Jason Briner von der University at Buffalo und seine Kollegen entwickelten ein Computermodell, das die Eisschmelze im Südwesten Grönlands über einen langen Zeitraum beschreibt – angefangen vor 12 000 Jahren bis zum Jahr 2100. Grundlage bildete eine Klimastudie aus diesem Jahr. Darin schloss ein Forscherteam anhand von Eisbohrkernen und Analysen des schweren Sauerstoffisotops 18O auf die Klimaentwicklung und sogar den Schneefall auf Grönland im Lauf des Holozäns, also des gegenwärtigen Zeitalters der Erdgeschichte. Briner und seine Kollegen nutzten die Daten, um die Entwicklung des Eisschilds auf Grönland in der Vergangenheit zu rekonstruieren und für die Zukunft abzuschätzen. Ihr Computermodell erreichte dabei eine räumliche Auflösung von bis zu zwei Kilometern.

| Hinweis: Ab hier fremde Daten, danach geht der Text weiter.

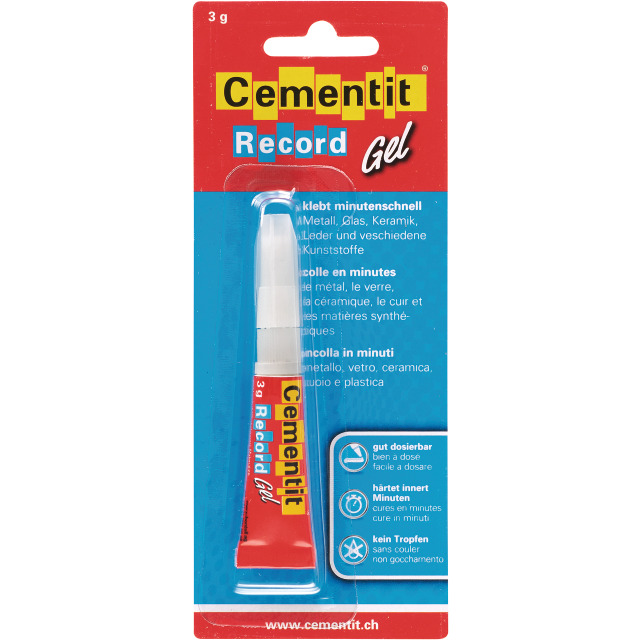 Cementit Record Gel 3g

„Wir haben unseren Planeten so sehr verändert, dass die Schmelzraten heute größer sind als alles, was wir in den vergangenen 12 000 Jahren gesehen haben“, fasst Briner die Ergebnisse zusammen. Zwar schmolzen während einer Warmphase vor 7000 bis 10 000 Jahren bis zu 6000 Milliarden Tonnen Eis innerhalb eines Jahrhunderts ab. Zwischen den Jahren 2000 und 2018 verschwand das Eis aber bereits mit einem Tempo von 6100 Milliarden Tonnen pro Jahrhundert. Die berechneten Werte verglich das Team mit verfügbaren historischen Daten sowie Satellitenmessungen aus den vergangenen Jahrzehnten. Tatsächlich stimmte das Computermodell weitestgehend mit den Messwerten überein.
Damit steige die Wahrscheinlichkeit, so Briner und seine Kollegen, dass das Modell auch für die kommenden Jahrzehnte zuverlässige Vorhersagen liefere. Wird der Ausstoß an Kohlendioxid nicht schnell und stark reduziert, könnten die Schmelzraten sogar auf 9000 bis 35 900 Milliarden Tonnen pro Jahrhundert ansteigen, so die Prognose der Forscher. Damit würde allein das Schmelzwasser aus Grönland den Meeresspiegel bis zum Ende des Jahrhunderts um zwei bis zehn Zentimeter ansteigen lassen. „Wir können also zunehmend sicher sein, dass wir mit beispiellosen Schmelzraten auf Grönland rechnen müssen, wenn die Emissionen an Treibhausgas nicht drastisch reduziert werden“, folgert auch Andy Aschwanden von der University of Alaska in Fairbanks in einem begleitenden Kommentar.